Martinetz, Thomas;Gewehr, Jan E.;Kim, Jan T. - A Statistical Learning Approach to Predicting Protein-DNA-Binding Sites

ECCB 2002 Poster sorted by: Author | Number

Next | Previous poster (in order of the view you have selected)

Title: A Statistical Learning Approach to Predicting Protein-DNA-Binding Sites	P100
Martinetz, Thomas; Gewehr, Jan E.; Kim, Jan T. kim@inb.uni-luebeck.de Institut für Neuro- und Bioinformatik, Universität zu Lübeck

Predicting the bindings sites of DNA binding proteins is a highly relevant task in bioinformatics. For example, the bindings sites of transcription factors are key elements of regulatory networks and determine the location of genes on a genome. Usually, for a given DNA binding protein, only a few binding sequences are known experimentally. The task then is to deduce the global binding characteristics of the protein based on these few examples. A widespread approach is the so-called Position-Weight-or Profile-Matrix (PM) [1]. A PM for binding sites of length L is a 4 x L matrix. It is used for scoring words of length L within genomic sequences. Positions of high scoring words, i.e. where the score exceeds a threshold value S_min, define the potential binding sites detected by the PM.

The PM can be interpreted as a linear classifier (binding word class/non-binding word class) within the space of sequence words, with the profile of the experimentally verified binding sites determining its parameters. To demonstrate this, a PM p can be represented as a 4*L-dimensional vector by conceptually concatenating the L columns of the PM. Likewise, a sequence word w, which is to be assessed using the PM, can also be represented as a 4*L-dimensional vector by concatenating L 4-tuples which correspond to the L bases in w. In each 4-tuple, three components are 0 and one component, corresponding to the base in w, is 1. For example, the word "GAT" would be represented by w = (0, 0, 1, 0, 1, 0, 0, 0, 0, 0, 0, 1). It is easy to show that the vector representations of all words of length L are homogeneously distributed on a 3*L-dimensional hypersphere around their center of gravity <w>.

The linear classification defined by p and S_min is a separation of sequence words according to whether they satisfy

S(w) = p * w >= S_min (1)

This inequality slices a segment off the 3*L-dimensional hypersphere; the words on the surface of this cap are those classified as binding words.

In this contribution a novel approach called Binding-Matrix (BM) is introduced. As the PM the BM realizes a linear classification, but in contrast to the PM approach the classifier (matrix) is now determined by maximum likelihood estimation. As a point of departure, it is noted that the transcription factor itself also performs a classification on the set of words with length L: If the binding energy of the factor to a word w exceeds a certain threshold E_min, the word is a binding word. It is well established that in very good approximation, each base pair in a word contributes to the binding energy independently of the other base pairs [2]. Thus, within the framework of vector representations, the classification performed by a transcription factor is defined by

E(w) = e * w >= E_min (2)

where e is a matrix / vector whose components are the position specific binding energy values.

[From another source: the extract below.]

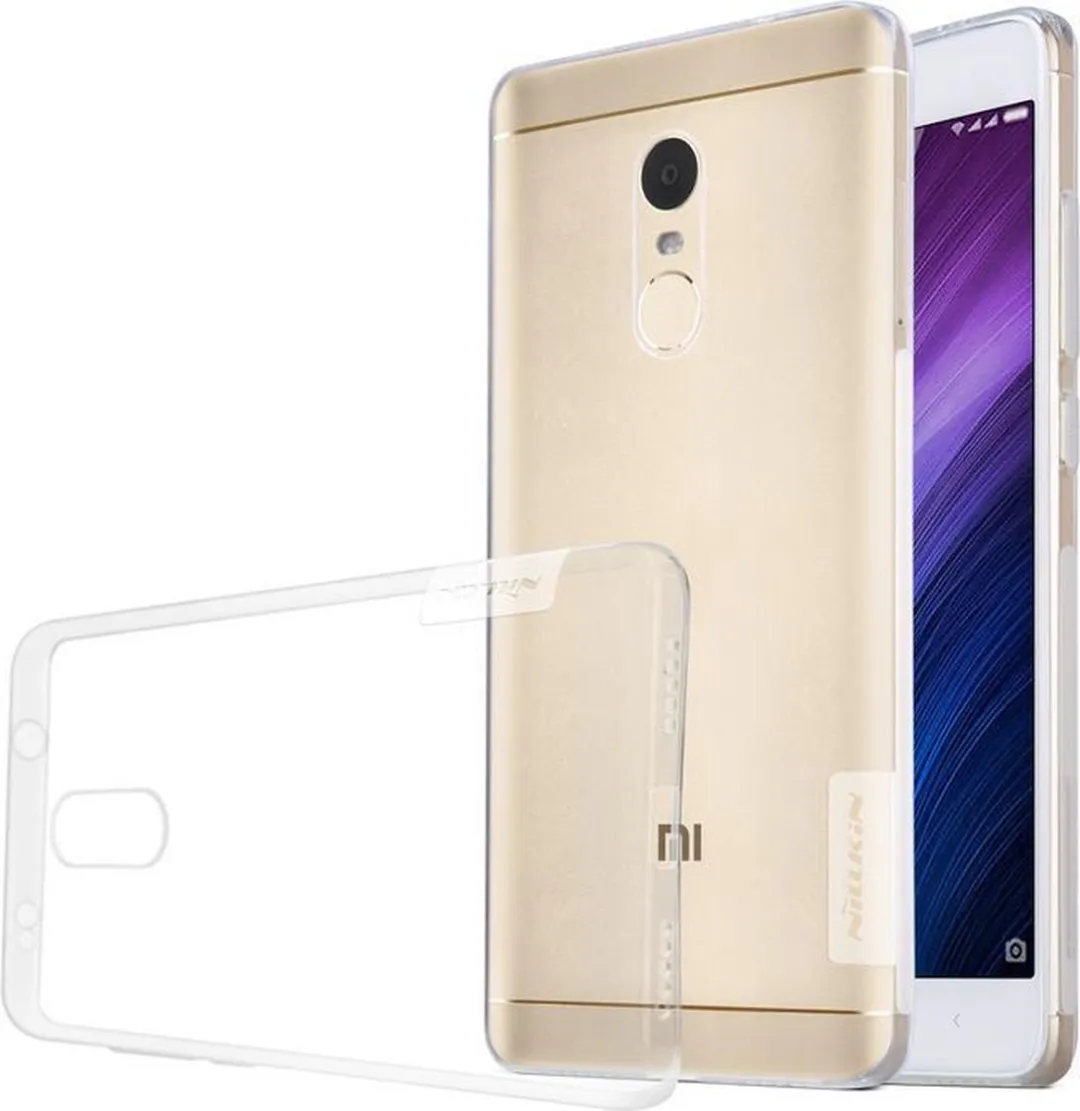 Nillkin Nature TPUCase Xiaomi Redmi Note 4 - Transparant - afbeelding 3 van 5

The small set of experimentally determined binding words can be considered as a random sample drawn from the words that satisfy (2). The BM is the maximum likelihood estimation of e. It can be shown that in the 4L-dimensional space in which the 3*L-dimensional hypersphere is embedded, the maximum likelihood estimation is the plane which cuts off the smallest possible sphere segment which still contains all data points, i.e. all experimentally determined binding words. This is sketched in Fig. 1.

Generally, the BM is not identical to, or linearly dependent on the PM. They both converge towards e when the entire set of binding words is provided as training data, but may vary substantially if the training data consists of a small subset of all binding words. The BM can efficiently be computed by convex optimization from training data (i.e. from a set of experimentally determined binding words).

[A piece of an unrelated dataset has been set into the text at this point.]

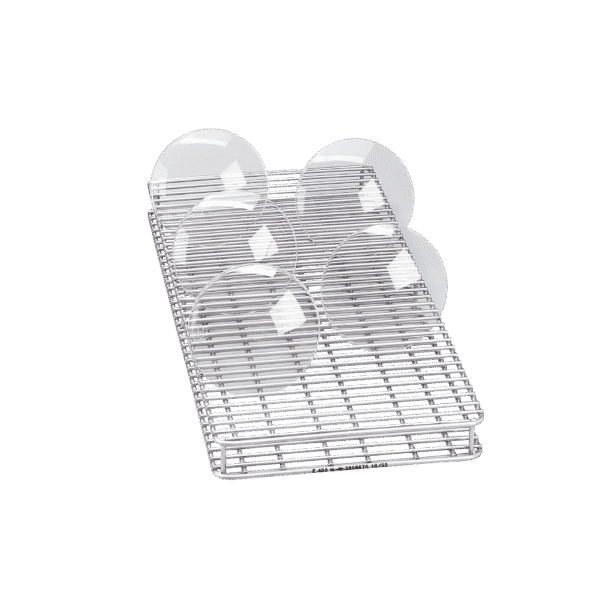 E 403 Einsatz 1/2 für 105 Glasscheiben 50-60 mm Durchm.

For testing the BM on empirical data, all transcription factors for which at least 5 binding words are available were selected from the TRANSFAC database. For each set of binding words, a leave-one-out test was performed. For two transcription factors for which the highest number (about 70) of experimentally determined binding words were available, tests were performed in which 2/3 of the words were employed as training data and the remaining words served as test data. In all tests, the thresholds were set such that a 100% sensitivity level was just achieved, i.e. all experimentally known binding words were correctly classified. As an estimate for specificity, the total number of words which had to be classified as binding words in order to achieve 100% sensitivity was determined. Fig. 2 shows the aggregated results of the leave-one-out tests. All tests revealed that the specificity of the BM method exceeds the specificity of the PM method by about one order of magnitude.

[1] K. Frech, K. Quandt and T. Werner (1997) "Finding Protein-Binding Sites in DNA Sequences: The Next Generation." Trends Biochem. Sci. 22: 103-104.
[2] G.D. Stormo, S. Strobl, M. Yoshioka and J.S. Lee (1993) "Specificity of the Mnt Protein. Independent Effects of Mutations at Different Positions in the Operator." J. Mol. Biol 229: 821-826.